From: Jeffrey Mogul <mogul@pa.dec.com>
Date: Mon, 02 Dec 96 19:42:44 PST
To: Benjamin Franz <snowhare@netimages.com>
Cc: http-wg%cuckoo.hpl.hp.com@hplb.hpl.hp.com
Message-Id: <9612030342.AA26855@acetes.pa.dec.com>
Benjamin Franz points out several ways in which my simplistic trace
analysis might have overestimated the number of possibly cache-busted
responses seen at our proxy.

In particular, he suggests that some of the non-query
possibly-cachable references that I counted might actually
have been CGI output, which should not have been included
in the set of "possibly cache-busted responses".  (I will
note, however, that one of the examples he gave would NOT
have been counted as such by my analysis, because that URL
included the string "cgi-bin".  I explicitly did not count
such URLs.)

If someone would like to propose a *feasible* filter on URLs
and/or response headers (i.e., something that I could implement
in a few dozen lines of C) that would exclude other CGI
output (i.e., besides URLs containing "?" or "cgi-bin", which
I already exclude), then I am happy to re-run my analysis.
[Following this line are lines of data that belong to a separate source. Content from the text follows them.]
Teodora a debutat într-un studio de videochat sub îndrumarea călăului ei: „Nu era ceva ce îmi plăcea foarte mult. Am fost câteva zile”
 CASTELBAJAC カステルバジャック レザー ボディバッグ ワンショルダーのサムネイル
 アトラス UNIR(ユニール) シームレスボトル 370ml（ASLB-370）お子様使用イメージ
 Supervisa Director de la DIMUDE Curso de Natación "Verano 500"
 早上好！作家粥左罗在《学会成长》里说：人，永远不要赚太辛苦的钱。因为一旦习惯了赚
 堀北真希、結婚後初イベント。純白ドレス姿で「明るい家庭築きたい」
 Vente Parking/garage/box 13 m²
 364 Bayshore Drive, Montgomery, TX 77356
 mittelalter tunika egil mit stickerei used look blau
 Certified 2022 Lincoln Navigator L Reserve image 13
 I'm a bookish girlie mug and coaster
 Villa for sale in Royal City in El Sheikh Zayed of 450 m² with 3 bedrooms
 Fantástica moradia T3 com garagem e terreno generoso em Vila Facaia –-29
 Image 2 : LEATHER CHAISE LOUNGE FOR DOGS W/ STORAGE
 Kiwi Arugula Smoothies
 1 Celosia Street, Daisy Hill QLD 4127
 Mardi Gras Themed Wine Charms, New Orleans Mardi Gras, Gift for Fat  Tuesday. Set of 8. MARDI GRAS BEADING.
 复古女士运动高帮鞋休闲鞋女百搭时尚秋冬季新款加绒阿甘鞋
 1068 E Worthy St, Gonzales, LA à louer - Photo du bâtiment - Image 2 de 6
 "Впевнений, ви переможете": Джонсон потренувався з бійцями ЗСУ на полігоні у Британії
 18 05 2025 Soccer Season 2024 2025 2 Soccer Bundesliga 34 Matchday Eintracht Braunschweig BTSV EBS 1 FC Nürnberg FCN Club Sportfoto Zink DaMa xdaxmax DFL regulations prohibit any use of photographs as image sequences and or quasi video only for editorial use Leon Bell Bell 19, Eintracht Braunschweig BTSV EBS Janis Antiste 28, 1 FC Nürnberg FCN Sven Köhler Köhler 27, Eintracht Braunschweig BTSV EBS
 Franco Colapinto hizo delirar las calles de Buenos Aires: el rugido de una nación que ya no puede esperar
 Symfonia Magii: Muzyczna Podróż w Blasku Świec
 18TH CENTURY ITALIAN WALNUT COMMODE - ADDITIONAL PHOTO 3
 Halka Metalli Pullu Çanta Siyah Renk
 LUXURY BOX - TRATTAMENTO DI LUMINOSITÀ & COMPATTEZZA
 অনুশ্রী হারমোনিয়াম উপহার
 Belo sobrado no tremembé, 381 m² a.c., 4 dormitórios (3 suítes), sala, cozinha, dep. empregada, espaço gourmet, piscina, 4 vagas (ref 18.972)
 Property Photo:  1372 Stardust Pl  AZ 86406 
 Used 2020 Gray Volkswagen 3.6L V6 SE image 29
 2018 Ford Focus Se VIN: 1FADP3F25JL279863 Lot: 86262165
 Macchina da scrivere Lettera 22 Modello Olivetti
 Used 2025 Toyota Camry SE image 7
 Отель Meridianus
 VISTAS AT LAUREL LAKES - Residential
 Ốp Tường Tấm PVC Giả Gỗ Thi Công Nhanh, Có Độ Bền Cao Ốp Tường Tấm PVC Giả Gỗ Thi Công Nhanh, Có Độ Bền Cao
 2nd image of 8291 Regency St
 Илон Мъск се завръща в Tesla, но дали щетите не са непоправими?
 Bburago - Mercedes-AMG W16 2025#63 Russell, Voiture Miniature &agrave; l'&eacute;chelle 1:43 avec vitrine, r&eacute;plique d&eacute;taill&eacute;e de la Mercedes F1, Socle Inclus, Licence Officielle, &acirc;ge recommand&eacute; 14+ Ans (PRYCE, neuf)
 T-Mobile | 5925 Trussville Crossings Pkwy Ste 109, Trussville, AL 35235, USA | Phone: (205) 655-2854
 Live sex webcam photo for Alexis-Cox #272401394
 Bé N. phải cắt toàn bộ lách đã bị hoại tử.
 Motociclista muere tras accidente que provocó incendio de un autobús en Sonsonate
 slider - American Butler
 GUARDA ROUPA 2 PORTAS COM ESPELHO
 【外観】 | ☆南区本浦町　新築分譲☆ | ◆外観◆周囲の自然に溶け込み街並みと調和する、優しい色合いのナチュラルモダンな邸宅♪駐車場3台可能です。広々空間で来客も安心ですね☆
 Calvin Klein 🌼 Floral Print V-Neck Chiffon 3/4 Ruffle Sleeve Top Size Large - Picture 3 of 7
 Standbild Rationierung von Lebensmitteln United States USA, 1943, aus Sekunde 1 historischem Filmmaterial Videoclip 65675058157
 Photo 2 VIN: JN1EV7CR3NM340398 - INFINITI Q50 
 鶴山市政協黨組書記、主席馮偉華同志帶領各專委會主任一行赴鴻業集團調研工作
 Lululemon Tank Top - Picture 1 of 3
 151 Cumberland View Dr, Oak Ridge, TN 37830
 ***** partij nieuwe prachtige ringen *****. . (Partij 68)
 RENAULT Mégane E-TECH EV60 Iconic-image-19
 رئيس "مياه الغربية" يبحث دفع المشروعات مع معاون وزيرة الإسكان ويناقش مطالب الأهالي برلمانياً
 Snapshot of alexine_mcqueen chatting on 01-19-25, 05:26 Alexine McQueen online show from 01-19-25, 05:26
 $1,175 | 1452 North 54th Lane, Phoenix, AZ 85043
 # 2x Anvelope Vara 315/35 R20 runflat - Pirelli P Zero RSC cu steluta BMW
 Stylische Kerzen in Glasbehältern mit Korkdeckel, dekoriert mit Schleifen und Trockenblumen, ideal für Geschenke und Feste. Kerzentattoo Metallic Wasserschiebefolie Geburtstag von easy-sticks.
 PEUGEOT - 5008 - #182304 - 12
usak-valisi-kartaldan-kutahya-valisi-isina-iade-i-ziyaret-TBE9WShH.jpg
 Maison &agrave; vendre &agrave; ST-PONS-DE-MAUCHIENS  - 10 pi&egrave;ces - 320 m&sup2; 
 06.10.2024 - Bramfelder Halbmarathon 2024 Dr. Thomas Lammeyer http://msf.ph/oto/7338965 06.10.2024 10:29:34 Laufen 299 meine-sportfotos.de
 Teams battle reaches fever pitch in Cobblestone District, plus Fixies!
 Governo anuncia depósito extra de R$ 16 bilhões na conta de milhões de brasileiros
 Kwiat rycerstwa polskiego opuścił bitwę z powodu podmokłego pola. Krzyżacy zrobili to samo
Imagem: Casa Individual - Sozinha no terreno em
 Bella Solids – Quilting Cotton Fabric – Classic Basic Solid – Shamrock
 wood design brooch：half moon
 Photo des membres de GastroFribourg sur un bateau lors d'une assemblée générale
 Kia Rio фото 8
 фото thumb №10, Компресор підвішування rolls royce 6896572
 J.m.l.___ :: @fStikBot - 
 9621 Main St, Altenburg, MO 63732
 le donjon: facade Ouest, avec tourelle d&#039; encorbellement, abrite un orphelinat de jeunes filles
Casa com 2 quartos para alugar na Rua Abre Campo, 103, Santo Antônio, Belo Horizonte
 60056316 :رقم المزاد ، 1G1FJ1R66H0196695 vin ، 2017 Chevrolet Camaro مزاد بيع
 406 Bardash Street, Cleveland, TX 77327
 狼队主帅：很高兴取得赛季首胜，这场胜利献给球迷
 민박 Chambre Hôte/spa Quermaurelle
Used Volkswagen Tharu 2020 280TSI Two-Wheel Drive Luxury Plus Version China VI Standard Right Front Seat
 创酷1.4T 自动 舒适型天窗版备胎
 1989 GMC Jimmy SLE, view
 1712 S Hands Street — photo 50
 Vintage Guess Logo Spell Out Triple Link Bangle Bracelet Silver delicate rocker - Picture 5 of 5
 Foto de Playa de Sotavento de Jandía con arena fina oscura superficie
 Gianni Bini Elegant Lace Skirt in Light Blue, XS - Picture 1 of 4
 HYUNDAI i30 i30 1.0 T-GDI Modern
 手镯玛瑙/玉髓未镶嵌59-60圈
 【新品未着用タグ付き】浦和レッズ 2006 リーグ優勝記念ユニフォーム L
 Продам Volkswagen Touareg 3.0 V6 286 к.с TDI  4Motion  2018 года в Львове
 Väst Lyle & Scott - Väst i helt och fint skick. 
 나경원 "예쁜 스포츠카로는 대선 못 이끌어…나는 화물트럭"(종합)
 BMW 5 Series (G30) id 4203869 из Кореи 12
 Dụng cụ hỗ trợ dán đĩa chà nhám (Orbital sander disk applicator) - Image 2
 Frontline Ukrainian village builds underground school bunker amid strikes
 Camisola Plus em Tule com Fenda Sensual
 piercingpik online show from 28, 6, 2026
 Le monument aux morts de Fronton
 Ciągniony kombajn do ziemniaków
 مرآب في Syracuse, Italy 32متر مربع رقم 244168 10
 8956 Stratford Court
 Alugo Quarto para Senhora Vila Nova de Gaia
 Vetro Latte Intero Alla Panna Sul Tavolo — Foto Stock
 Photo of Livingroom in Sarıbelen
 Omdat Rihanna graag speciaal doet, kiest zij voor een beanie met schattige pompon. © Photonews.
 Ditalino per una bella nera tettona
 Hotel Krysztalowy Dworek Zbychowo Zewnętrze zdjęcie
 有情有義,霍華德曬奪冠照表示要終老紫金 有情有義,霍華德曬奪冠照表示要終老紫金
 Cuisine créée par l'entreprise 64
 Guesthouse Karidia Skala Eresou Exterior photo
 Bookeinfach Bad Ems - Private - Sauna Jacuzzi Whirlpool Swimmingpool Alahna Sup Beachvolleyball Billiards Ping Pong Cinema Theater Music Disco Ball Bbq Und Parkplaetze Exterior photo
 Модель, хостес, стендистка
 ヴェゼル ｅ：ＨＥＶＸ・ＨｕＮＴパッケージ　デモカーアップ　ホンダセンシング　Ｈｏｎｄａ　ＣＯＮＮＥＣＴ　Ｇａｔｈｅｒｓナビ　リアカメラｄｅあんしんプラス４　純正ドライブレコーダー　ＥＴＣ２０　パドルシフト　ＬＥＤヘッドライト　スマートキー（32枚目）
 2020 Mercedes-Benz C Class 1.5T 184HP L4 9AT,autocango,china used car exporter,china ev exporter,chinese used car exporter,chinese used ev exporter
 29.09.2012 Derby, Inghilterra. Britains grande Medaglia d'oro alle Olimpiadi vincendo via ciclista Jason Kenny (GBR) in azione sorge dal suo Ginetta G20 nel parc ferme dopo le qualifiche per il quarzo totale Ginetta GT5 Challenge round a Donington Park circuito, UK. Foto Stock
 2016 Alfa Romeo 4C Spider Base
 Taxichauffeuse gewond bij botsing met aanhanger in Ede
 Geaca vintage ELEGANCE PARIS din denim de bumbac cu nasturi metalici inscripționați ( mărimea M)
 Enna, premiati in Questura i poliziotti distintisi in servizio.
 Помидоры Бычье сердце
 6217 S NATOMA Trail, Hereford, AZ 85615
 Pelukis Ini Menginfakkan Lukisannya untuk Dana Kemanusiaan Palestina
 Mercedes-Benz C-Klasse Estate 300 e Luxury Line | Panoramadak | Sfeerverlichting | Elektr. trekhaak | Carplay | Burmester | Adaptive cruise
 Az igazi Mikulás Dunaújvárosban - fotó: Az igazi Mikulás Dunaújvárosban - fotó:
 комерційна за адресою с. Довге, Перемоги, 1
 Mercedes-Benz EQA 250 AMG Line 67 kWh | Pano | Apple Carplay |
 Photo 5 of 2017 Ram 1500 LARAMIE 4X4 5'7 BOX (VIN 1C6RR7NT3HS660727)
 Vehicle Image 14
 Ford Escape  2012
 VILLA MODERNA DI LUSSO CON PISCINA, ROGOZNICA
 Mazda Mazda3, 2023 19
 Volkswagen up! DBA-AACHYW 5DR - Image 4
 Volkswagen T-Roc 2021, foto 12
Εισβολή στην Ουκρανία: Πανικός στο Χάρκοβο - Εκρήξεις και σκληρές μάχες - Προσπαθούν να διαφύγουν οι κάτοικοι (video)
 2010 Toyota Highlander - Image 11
Drazen Kacar pointed out that I should probably have
excluded .shtml URLs from this category, as well, because
they are essentially the same thing as CGI output.  I checked
and found that 354 of the references in the trace were to .shtml
URLs, and hence 10075, instead of 10429, of the references
should have been categorized as possibly cache-busted.  (This
is a net change of less than 4%.)

    I would say the only *confirmable* deliberate cache busting done
    are the 28 pre-expired responses. And they are an insignificant
    (almost unmeasurable) percentage of the responses.

If I was writing a scientific paper whose thesis was that a
significant fraction of the responses are cache-busted, then
you are right that I would not have a rigorous proof regarding
anything but these 28 pre-expired responses.  And, no matter
how much more filtering I do on the data, I would not expect
to be able to construct a rigorous proof based on such a trace.

On the other hand, I don't believe that this trace could provide
a rigorous proof of the converse hypothesis, that no deliberate
cache-busting is done.  Nor do I believe that any trace-based
analysis could prove this, given the frequency with which I
found responses that leave the question ambiguous.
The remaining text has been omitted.